[Opening Supplied records section]

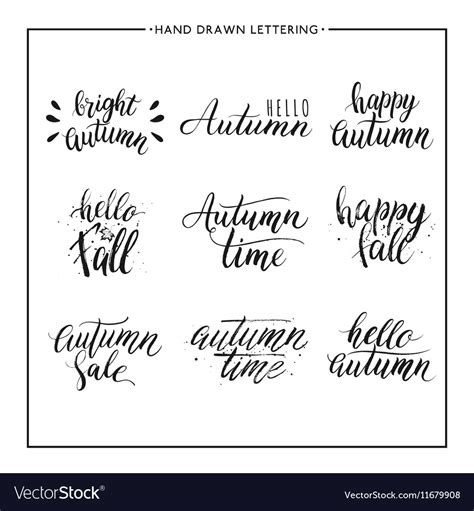 Hand Painted Text Happy Autumn Hello Fall Vector Image
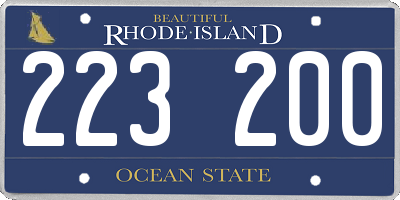 RI license plate 223200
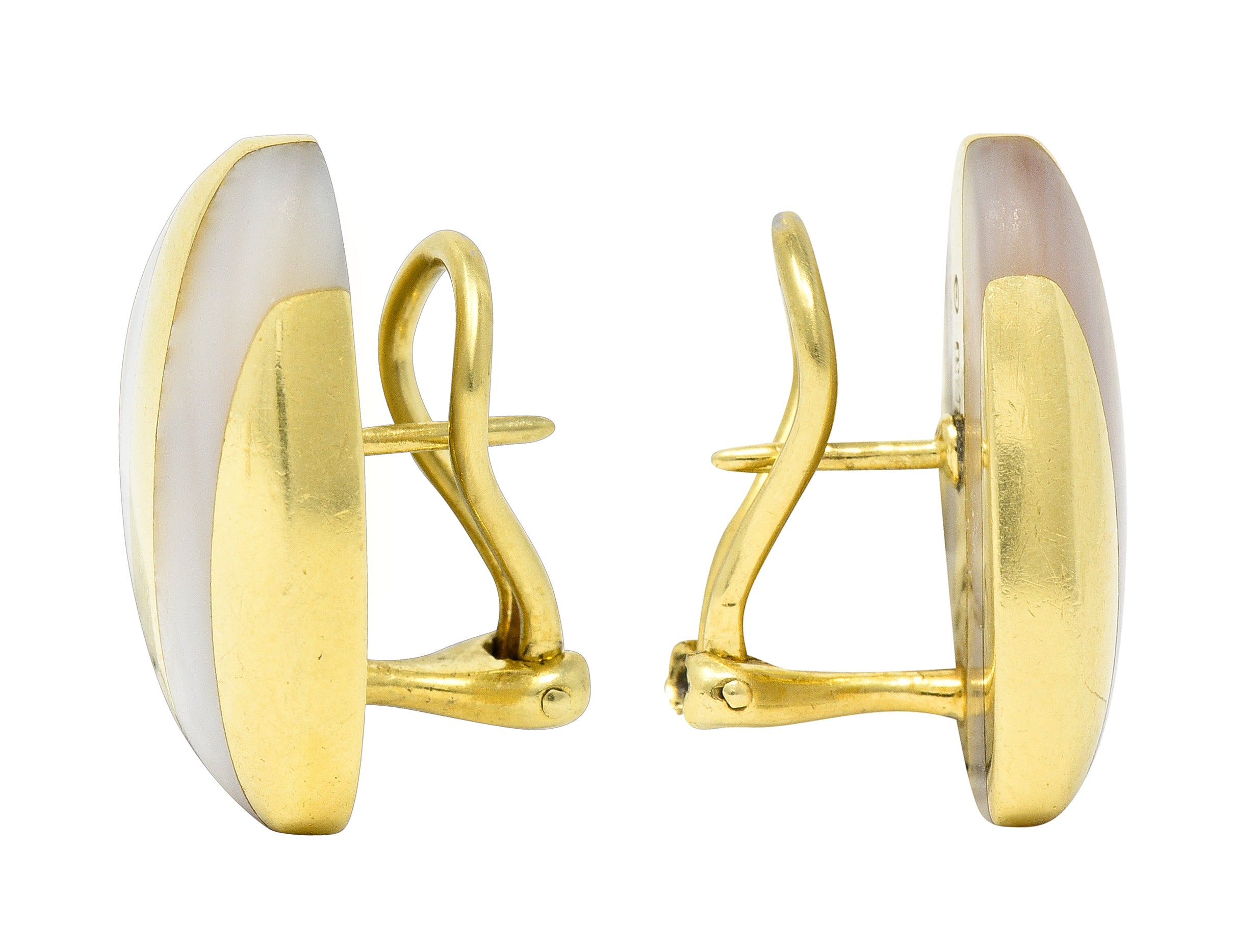 Angela Cummings 1970's Mother-Of-Pearl 18 Karat Yellow Gold Inlay Stripe Triangle Vintage Earrings Wilson's Estate Jewelry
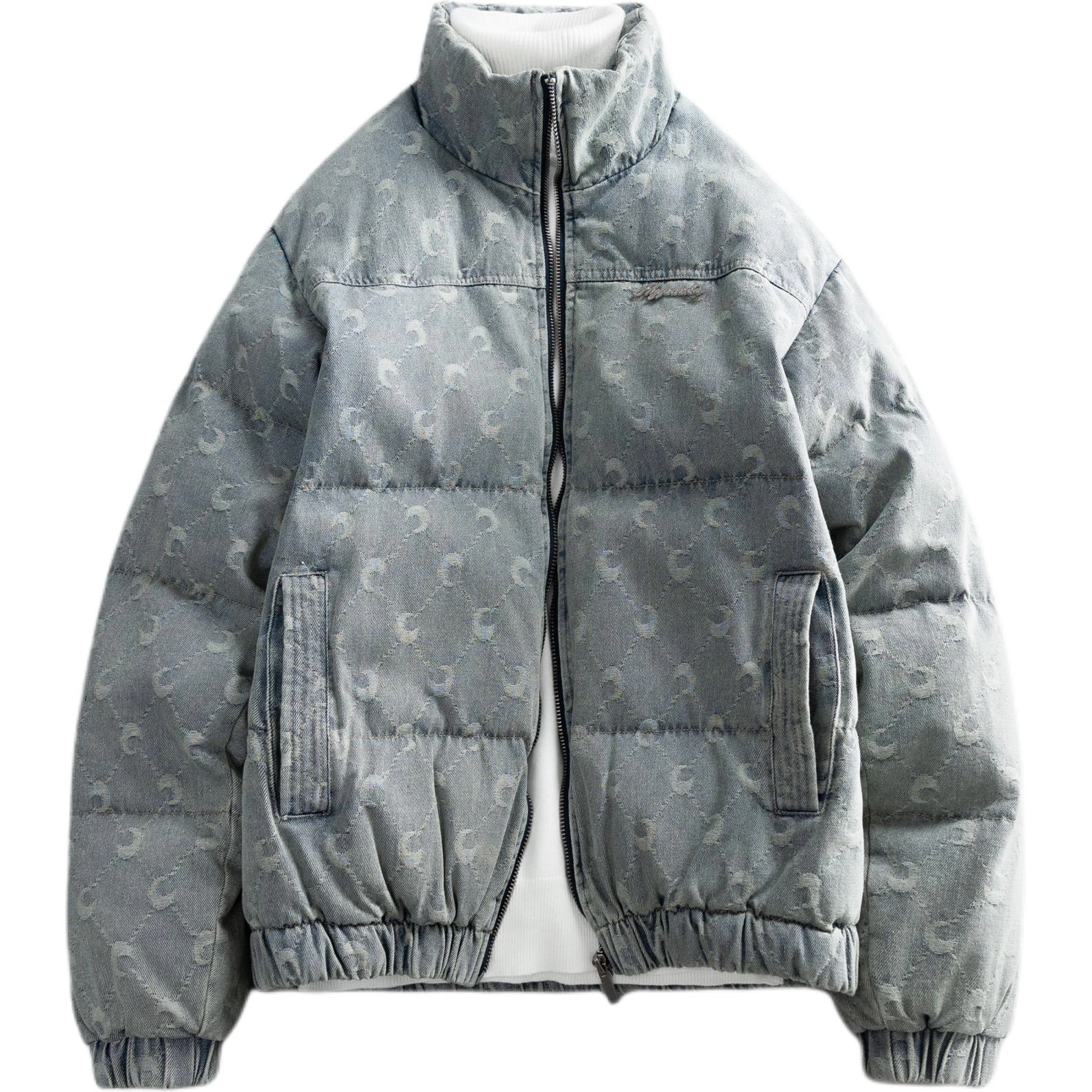 宫奴 日系复古潮牌做旧水洗月亮提花牛仔立领棉服 男女同款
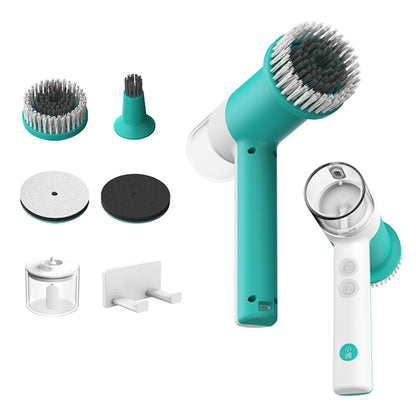SCRIB-X Dual-Rotation Electric Scrubber - IPX5 Waterproof Multi-Surface Cleaning Brush for Bathroom, Kitchen, Tile, Glass & More - Includes 4 Brush Heads (Nylon/Sponge/Crevice/Flat)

[Closing Supplied records section]

Exercise aim –
Omitting all images, print the listing exactly.

Written response –
 Hand Painted Text Happy Autumn Hello Fall Vector Image
 RI license plate 223200
 Angela Cummings 1970's Mother-Of-Pearl 18 Karat Yellow Gold Inlay Stripe Triangle Vintage Earrings Wilson's Estate Jewelry
 宫奴 日系复古潮牌做旧水洗月亮提花牛仔立领棉服 男女同款
SCRIB-X Dual-Rotation Electric Scrubber - IPX5 Waterproof Multi-Surface Cleaning Brush for Bathroom, Kitchen, Tile, Glass & More - Includes 4 Brush Heads (Nylon/Sponge/Crevice/Flat)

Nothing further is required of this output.